▸ **SOURCE MATERIAL**:
--------------------------------
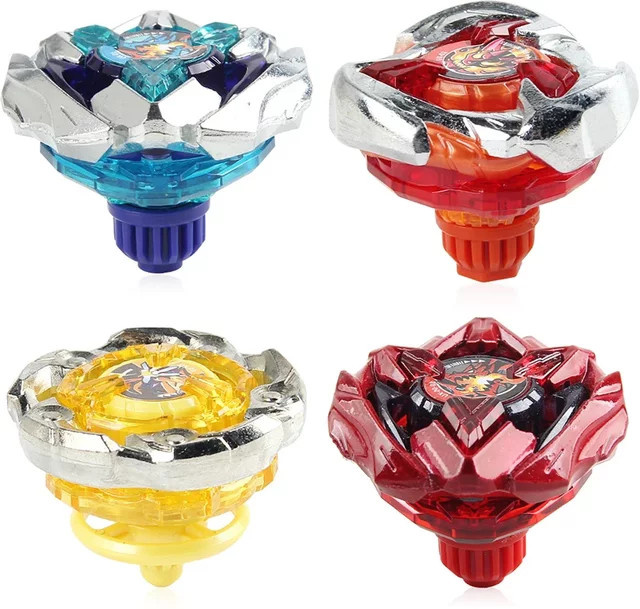 Takara Tomy Gyro X Toys BX Gyro, mit Licht, multicolour - Bild 1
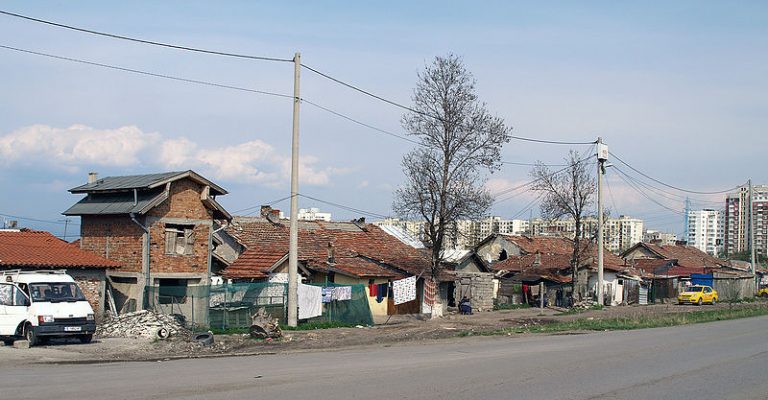 Намаляване замърсяването от битово отопление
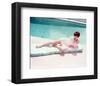 Joan Collins-null-Framed Photo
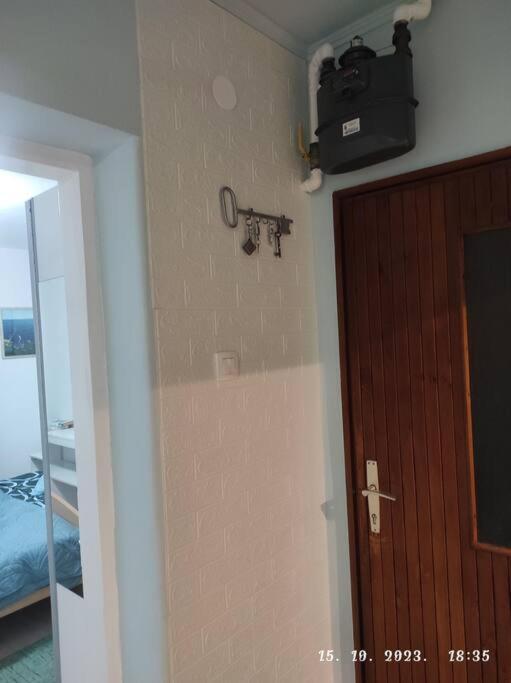 Nina Daire Zagreb Dış mekan fotoğraf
--------------------------------
Since the pictures are not wanted, transcribe only the rest of the material above, exactly as it stands.

▸ **TASK RESPONSE**:
 Takara Tomy Gyro X Toys BX Gyro, mit Licht, multicolour - Bild 1
 Намаляване замърсяването от битово отопление
 Joan Collins-null-Framed Photo
 Nina Daire Zagreb Dış mekan fotoğraf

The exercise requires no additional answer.